La Vuelta opens with an individual time trial of 8 kilometres. The track in Burgos features some false flat uphill sections before stage 2 is played out on a pan-flat route.
The 3rd stage offers the first uphill finish. The Picón Blanco is 7.8 kilometres long and the average gradient sits at 9.3%, while the steepest ramp – at 15% – appears just before the finish line.
Stage 4 travels to Molina de Aragón, which is – at an elevation of 1,065 metres – one of the coldest places in Spain. Last January, the temperature dropped to -25.2º Celsius, but since La Vuelta visits in August the riders should be okay
In stage 5 it is back to the fast men, after which stage 6 finishes at a punchy climb with ramps up to 21% in the last metres. Tadej Pogacar climbed to triumph on this hill in last year’s Tot of Valencia.

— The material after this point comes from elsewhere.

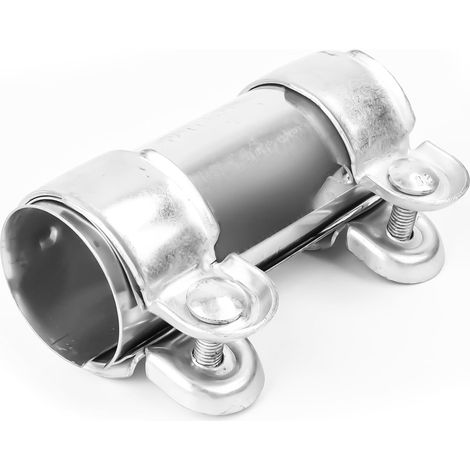 Collier de serrage pour tuyau d'échappement en acier inoxydable Ø 45 mm x 120 mm - Colliers de serrage avec double collier de serrage - Système d'échappement universel - Résistant à la corrosion (1/5)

The route on the seventh day of action favours attackers before stage 8 should see another fast finishers showdown in La Manga del Mar Menor.
The second Sunday of La Vuelta serves a summit finish at the Alto de Velefique, an ascent of 13.2 kilometres with an average gradient of 7.3%
The second week opens with a race along the southern coast Spain. The undulating course is pepped with a 5 kilometres climb at 9% roughly 16 kilometres before the finish.
The 11th stage runs on lumy terrain to a punchy finish in Valdepeñas de Jáen, while stage 12 features two climb in the last 45 kilometres, making it (another) opportunity for attackers. Sprinters will eye their chances in stage 13.
Which is out of the question in stage 14. The riders traverse hilly terrain to tackle the Pico de Villuercas in the remote region of Extremadura. The final ascent is 16.5 kilometres long and the average gradient sits at 6.3%.
The last stage before the second rest day tackles four intermediate climbs before a downhill finish in El Barraco.
Stage 16 finishes in Santa Cruz de Bezana in northern Spain, close to Santander, in a race for the sprinters.
Fireworks are to be expected in the 17th stage with a finale on the wildly irregular ascent to the Lagos de Covadonga, which was last included in 2018 (Thibaut Pinot victory). The ascent is 12.2 kilometres long and averages 7.2%.
On paper, stage 18 is even harder. Taking in an elevation gain of more than 5,000 betres, the race travels from Salas to the Alto de Gamoniteiro. The last 15.9 kilometres climb at 9.1% to the line.
Following a hilly opening, stage 19 traverses the undulating roads to Monforte de Lemos before stage 20 goes from Sanxenxo to Mos, the Galician town where Óscar Pereiro – Tour de France winner in 2006 after Floyd Landis’ disqualification – was born. Yet, the race does not finish in the town itself, but at the 8 kilometres long Alto Castro de Herville.
The final stage of the 2021 Vuelta a España 2021 is an individual time trial. The undulating route is 33.7 kilometres before a finish in Santiago de Compestela.